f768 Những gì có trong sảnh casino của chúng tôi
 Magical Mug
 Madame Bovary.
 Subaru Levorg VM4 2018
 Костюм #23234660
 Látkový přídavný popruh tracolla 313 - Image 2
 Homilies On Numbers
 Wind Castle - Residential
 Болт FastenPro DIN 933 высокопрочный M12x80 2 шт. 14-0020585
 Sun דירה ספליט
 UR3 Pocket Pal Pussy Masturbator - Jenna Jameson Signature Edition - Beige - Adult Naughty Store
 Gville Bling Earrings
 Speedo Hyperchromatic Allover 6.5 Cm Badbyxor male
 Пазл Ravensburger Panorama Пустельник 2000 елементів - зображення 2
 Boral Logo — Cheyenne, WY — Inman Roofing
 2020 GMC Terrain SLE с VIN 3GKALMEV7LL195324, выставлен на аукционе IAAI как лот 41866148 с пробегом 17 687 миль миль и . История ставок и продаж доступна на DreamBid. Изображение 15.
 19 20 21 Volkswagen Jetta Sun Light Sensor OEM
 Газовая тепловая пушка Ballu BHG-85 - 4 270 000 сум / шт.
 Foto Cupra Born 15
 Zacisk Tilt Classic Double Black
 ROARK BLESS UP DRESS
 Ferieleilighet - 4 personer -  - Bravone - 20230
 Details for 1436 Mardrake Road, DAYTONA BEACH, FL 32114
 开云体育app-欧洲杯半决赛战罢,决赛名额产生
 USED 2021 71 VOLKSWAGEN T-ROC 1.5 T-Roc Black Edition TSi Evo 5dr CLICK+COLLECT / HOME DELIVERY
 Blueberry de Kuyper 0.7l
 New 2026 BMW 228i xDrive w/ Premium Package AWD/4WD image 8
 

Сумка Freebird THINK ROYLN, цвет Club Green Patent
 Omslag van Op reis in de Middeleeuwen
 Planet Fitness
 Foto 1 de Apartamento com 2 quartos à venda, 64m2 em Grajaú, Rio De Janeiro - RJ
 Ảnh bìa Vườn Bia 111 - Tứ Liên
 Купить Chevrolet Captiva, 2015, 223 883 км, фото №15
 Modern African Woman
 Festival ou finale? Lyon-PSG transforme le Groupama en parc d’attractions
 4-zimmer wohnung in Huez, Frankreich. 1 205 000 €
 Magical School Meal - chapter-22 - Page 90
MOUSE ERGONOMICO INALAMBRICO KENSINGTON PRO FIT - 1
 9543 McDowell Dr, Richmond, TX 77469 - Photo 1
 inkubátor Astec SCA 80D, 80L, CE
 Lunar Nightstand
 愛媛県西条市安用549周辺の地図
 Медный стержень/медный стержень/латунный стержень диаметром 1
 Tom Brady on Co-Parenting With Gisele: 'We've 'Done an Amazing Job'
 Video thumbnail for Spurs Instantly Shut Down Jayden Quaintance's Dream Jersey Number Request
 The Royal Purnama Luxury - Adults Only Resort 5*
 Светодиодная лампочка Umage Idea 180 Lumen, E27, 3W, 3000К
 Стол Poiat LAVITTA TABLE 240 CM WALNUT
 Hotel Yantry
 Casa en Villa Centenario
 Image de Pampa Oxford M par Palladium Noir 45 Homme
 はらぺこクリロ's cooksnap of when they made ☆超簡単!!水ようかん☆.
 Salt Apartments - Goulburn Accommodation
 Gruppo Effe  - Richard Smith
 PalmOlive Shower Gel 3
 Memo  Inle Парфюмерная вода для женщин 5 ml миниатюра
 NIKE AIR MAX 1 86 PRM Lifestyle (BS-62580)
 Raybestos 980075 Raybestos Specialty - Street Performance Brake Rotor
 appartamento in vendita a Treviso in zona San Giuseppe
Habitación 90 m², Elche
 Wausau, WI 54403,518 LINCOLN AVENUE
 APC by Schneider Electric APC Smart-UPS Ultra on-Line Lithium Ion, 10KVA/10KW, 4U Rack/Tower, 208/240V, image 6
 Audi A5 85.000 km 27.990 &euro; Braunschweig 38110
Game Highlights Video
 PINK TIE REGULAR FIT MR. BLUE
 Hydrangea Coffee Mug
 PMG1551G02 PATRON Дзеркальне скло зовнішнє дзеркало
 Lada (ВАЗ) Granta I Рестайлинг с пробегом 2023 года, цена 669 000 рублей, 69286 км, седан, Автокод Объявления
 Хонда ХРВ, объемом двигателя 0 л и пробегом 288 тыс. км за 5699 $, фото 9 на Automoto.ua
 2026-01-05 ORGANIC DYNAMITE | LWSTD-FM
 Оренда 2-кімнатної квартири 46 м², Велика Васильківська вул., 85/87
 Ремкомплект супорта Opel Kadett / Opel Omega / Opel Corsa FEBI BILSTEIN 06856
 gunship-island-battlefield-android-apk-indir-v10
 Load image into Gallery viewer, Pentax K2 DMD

====================

*TASK TO COMPLETE*
Faithfully transcribe the whole of the data.

*RESULT*
f768 Những gì có trong sảnh casino của chúng tôi
 Magical Mug
 Madame Bovary.
 Subaru Levorg VM4 2018
 Костюм #23234660
 Látkový přídavný popruh tracolla 313 - Image 2
 Homilies On Numbers
 Wind Castle - Residential
 Болт FastenPro DIN 933 высокопрочный M12x80 2 шт. 14-0020585
 Sun דירה ספליט
 UR3 Pocket Pal Pussy Masturbator - Jenna Jameson Signature Edition - Beige - Adult Naughty Store
 Gville Bling Earrings
 Speedo Hyperchromatic Allover 6.5 Cm Badbyxor male
 Пазл Ravensburger Panorama Пустельник 2000 елементів - зображення 2
 Boral Logo — Cheyenne, WY — Inman Roofing
 2020 GMC Terrain SLE с VIN 3GKALMEV7LL195324, выставлен на аукционе IAAI как лот 41866148 с пробегом 17 687 миль миль и . История ставок и продаж доступна на DreamBid. Изображение 15.
 19 20 21 Volkswagen Jetta Sun Light Sensor OEM
 Газовая тепловая пушка Ballu BHG-85 - 4 270 000 сум / шт.
 Foto Cupra Born 15
 Zacisk Tilt Classic Double Black
 ROARK BLESS UP DRESS
 Ferieleilighet - 4 personer -  - Bravone - 20230
 Details for 1436 Mardrake Road, DAYTONA BEACH, FL 32114
 开云体育app-欧洲杯半决赛战罢,决赛名额产生
 USED 2021 71 VOLKSWAGEN T-ROC 1.5 T-Roc Black Edition TSi Evo 5dr CLICK+COLLECT / HOME DELIVERY
 Blueberry de Kuyper 0.7l
 New 2026 BMW 228i xDrive w/ Premium Package AWD/4WD image 8
 

Сумка Freebird THINK ROYLN, цвет Club Green Patent
 Omslag van Op reis in de Middeleeuwen
 Planet Fitness
 Foto 1 de Apartamento com 2 quartos à venda, 64m2 em Grajaú, Rio De Janeiro - RJ
 Ảnh bìa Vườn Bia 111 - Tứ Liên
 Купить Chevrolet Captiva, 2015, 223 883 км, фото №15
 Modern African Woman
 Festival ou finale? Lyon-PSG transforme le Groupama en parc d’attractions
 4-zimmer wohnung in Huez, Frankreich. 1 205 000 €
 Magical School Meal - chapter-22 - Page 90
MOUSE ERGONOMICO INALAMBRICO KENSINGTON PRO FIT - 1
 9543 McDowell Dr, Richmond, TX 77469 - Photo 1
 inkubátor Astec SCA 80D, 80L, CE
 Lunar Nightstand
 愛媛県西条市安用549周辺の地図
 Медный стержень/медный стержень/латунный стержень диаметром 1
 Tom Brady on Co-Parenting With Gisele: 'We've 'Done an Amazing Job'
 Video thumbnail for Spurs Instantly Shut Down Jayden Quaintance's Dream Jersey Number Request
 The Royal Purnama Luxury - Adults Only Resort 5*
 Светодиодная лампочка Umage Idea 180 Lumen, E27, 3W, 3000К
 Стол Poiat LAVITTA TABLE 240 CM WALNUT
 Hotel Yantry
 Casa en Villa Centenario
 Image de Pampa Oxford M par Palladium Noir 45 Homme
 はらぺこクリロ's cooksnap of when they made ☆超簡単!!水ようかん☆.
 Salt Apartments - Goulburn Accommodation
 Gruppo Effe  - Richard Smith
 PalmOlive Shower Gel 3
 Memo  Inle Парфюмерная вода для женщин 5 ml миниатюра
 NIKE AIR MAX 1 86 PRM Lifestyle (BS-62580)
 Raybestos 980075 Raybestos Specialty - Street Performance Brake Rotor
 appartamento in vendita a Treviso in zona San Giuseppe
Habitación 90 m², Elche
 Wausau, WI 54403,518 LINCOLN AVENUE
 APC by Schneider Electric APC Smart-UPS Ultra on-Line Lithium Ion, 10KVA/10KW, 4U Rack/Tower, 208/240V, image 6
 Audi A5 85.000 km 27.990 &euro; Braunschweig 38110
Game Highlights Video
 PINK TIE REGULAR FIT MR. BLUE
 Hydrangea Coffee Mug
 PMG1551G02 PATRON Дзеркальне скло зовнішнє дзеркало
 Lada (ВАЗ) Granta I Рестайлинг с пробегом 2023 года, цена 669 000 рублей, 69286 км, седан, Автокод Объявления
 Хонда ХРВ, объемом двигателя 0 л и пробегом 288 тыс. км за 5699 $, фото 9 на Automoto.ua
 2026-01-05 ORGANIC DYNAMITE | LWSTD-FM
 Оренда 2-кімнатної квартири 46 м², Велика Васильківська вул., 85/87
 Ремкомплект супорта Opel Kadett / Opel Omega / Opel Corsa FEBI BILSTEIN 06856
 gunship-island-battlefield-android-apk-indir-v10
 Load image into Gallery viewer, Pentax K2 DMD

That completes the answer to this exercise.